## EXERCISE BRIEF
Write out exactly the lines from the one with "Dongdumaoyi Townlike Ruffles" through the last line of the data below, but not the pictures.

## SOURCE MATERIAL
>>>>>

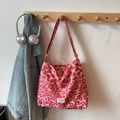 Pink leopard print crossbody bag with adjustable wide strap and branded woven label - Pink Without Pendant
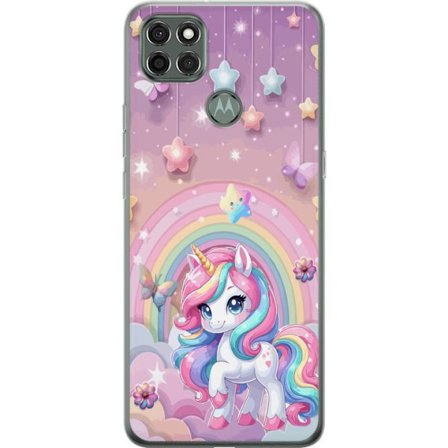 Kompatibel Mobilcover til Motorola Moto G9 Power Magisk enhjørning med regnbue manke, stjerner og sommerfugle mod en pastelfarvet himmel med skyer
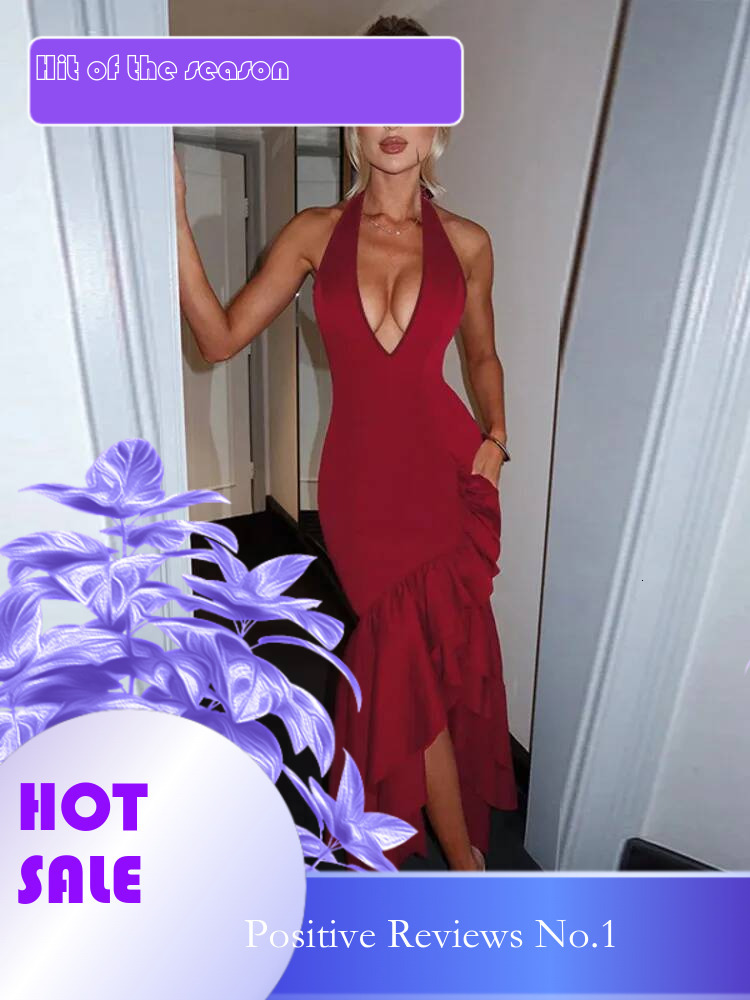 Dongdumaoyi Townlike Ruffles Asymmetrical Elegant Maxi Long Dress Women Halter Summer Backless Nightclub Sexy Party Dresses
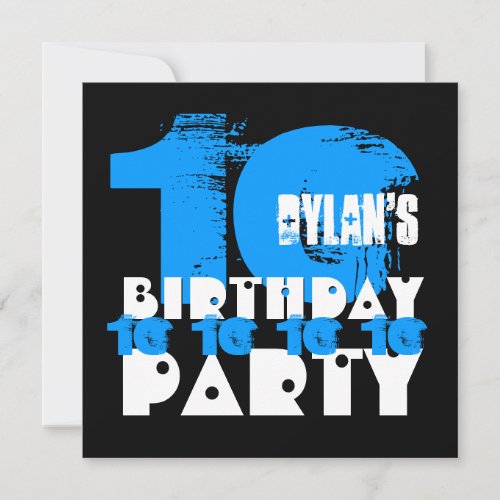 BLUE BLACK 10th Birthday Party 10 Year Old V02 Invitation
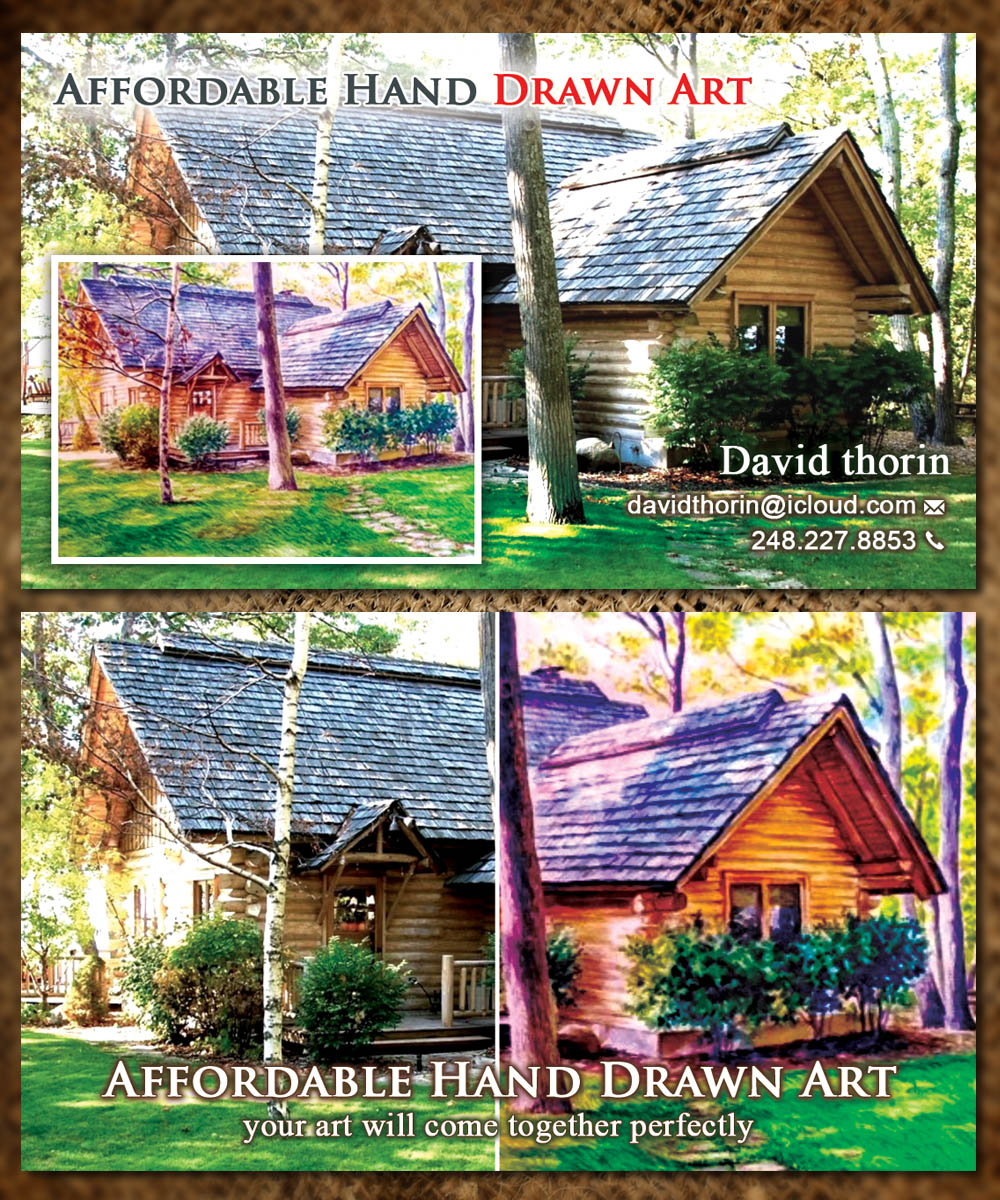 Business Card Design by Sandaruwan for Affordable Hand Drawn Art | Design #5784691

<<<<<

## RESULT BELOW
 Dongdumaoyi Townlike Ruffles Asymmetrical Elegant Maxi Long Dress Women Halter Summer Backless Nightclub Sexy Party Dresses
 BLUE BLACK 10th Birthday Party 10 Year Old V02 Invitation
 Business Card Design by Sandaruwan for Affordable Hand Drawn Art | Design #5784691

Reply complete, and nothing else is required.